02 décembre 2006
"La croisière jaune" : Zolma
Les habitués du blog auront déjà noté l'intérêt que suscite ce livre et son auteur .
J'avoue être intéressé autant par les ouvrages que par ceux qui les écrivent. L'écriture activité principale ou non est un sujet très souvent abordé. Beaucoup sont obligés d'exercer une activité professionnelle pour vivre. (A titre d'information, un seul auteur présent la semaine dernière au "Polar dans tous ses états" a dit pouvoir enfin vivre de ses livres). Considérons que l'expérience professionnelle peut être une source d'inspiration pour leurs travaux. Dans un prochain billet il serait peut-être intéressant de faire un bilan des professions exercées par les auteurs.
J'ai tout d'abord eu le plaisir de rencontrer Zolma il y a une semaine à La Destrousse.
Nous avons fait connaissance en évoquant son rapidement son parcours professionnel. Quitter le monde de l'entreprise et un poste de cadre avec de nombreuses responsabilités pour rentrer dans l'enseignement - métier : dévalorisé, difficile, déconsidéré, décrié, décourageant, démoralisant, discrédité, décevant, débonnaire, démodé, dépensier, doré, digne, dévorant, divisé, déclinant dynamique petit jeu : compléter cette liste avec des adjectifs commençant par d comme débile!)- pour se retrouver en ZEP avec tout ce que cela implique n'est pas chose si courante et ne peut s'expliquer que par une forte motivation.
Je me suis embarqué avec Lily Verdine dans la "Croisère jaune" et je n'ai pas été déçu. Il s'agit d'un polar classique dans lequel on retrouve tous les codes du genre. L'intrigue et ses multiples rebondissements où s'entrecroisent trafic ignoble, meurtres et petites forfaitures est très bien construite. Les personnages le (la) privé(e), les flics, les truands, les escrocs, une bande d'anars rangés des voitures mais toujours prêts à aider, évoluent au sein d'une société dénoncée par Zolma qui affiche haut et fort son point de vue. Rajouter à cela un style agréable, un point de vue original le héros est une héroïne, ce qui a permis d'entretenir un léger suspens sur le sexe de Zolma et les pointes d'humour permettant de faire passer les passages plus graves.

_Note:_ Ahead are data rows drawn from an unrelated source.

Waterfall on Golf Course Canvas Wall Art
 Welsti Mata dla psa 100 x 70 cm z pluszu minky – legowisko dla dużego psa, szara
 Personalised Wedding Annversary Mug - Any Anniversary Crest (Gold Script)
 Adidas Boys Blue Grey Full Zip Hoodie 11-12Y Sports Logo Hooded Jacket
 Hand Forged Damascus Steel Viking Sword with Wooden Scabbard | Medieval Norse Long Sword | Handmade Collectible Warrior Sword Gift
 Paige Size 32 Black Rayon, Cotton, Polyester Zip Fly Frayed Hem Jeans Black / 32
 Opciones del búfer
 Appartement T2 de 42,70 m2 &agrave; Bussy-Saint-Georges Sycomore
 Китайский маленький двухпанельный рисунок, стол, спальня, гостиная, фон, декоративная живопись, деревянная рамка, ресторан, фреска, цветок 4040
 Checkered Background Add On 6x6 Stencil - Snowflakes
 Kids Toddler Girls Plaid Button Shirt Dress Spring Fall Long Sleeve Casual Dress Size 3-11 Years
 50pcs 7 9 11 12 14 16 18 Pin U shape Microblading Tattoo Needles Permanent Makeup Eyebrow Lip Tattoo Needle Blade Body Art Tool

Cette croisière fut agréable.
Extraits
"Il avait sans doute été refusé de justesse au casting de "la guerre du feu" le front bas les épaules voûtées, je ne veux pas juger les gens sur la mine , mais franchement, pour le prix Nobel, il fallait pas compter sur lui. L'homme descend du singe, il paraît. Lui, il devait être coincé dans l'ascenseur. Sa bipédie tenait du miracle. C'était le chaînon manquant. Le chaînon manqué? plutôt. En tout cas il ne m'a pas donné l'envie de lui fournir des explications...."
"le keuf de faction m'attendait comme si j'avais été l'épouse du ministre de l'Intérieur. Il m'a presque gratifiée d'une révérence et a immédiatement hélé Blacanouyate par l'intermédiaire d'un vieux téléphone à cadran circulaire en bakélite noire. Vraiment pauvre, le service public. Même l'agence Lily Verdine qui tutoyait le dépôt de bilan avec une familiarité d'adjudant-chef face à un deuxième pompe avait opté pour des modèles à touches. ....... Il avait une tronche à faire prêcher un ténia."
Ce style me fait penser à un auteur célèbre, pas vous ?
Commentaires
J'ai eu moi aussi l'occasion de découvrir Zolma à La Destrousse et prit beaucoup de plaisir à lire sa croisière jaune. Nous avons eu l'occasion de parler de la difficulté d'écrire au féminin pour un homme : je dois dire que Zolma a réussi cet exercice avec beaucoup de succès. A découvrir d'urgence.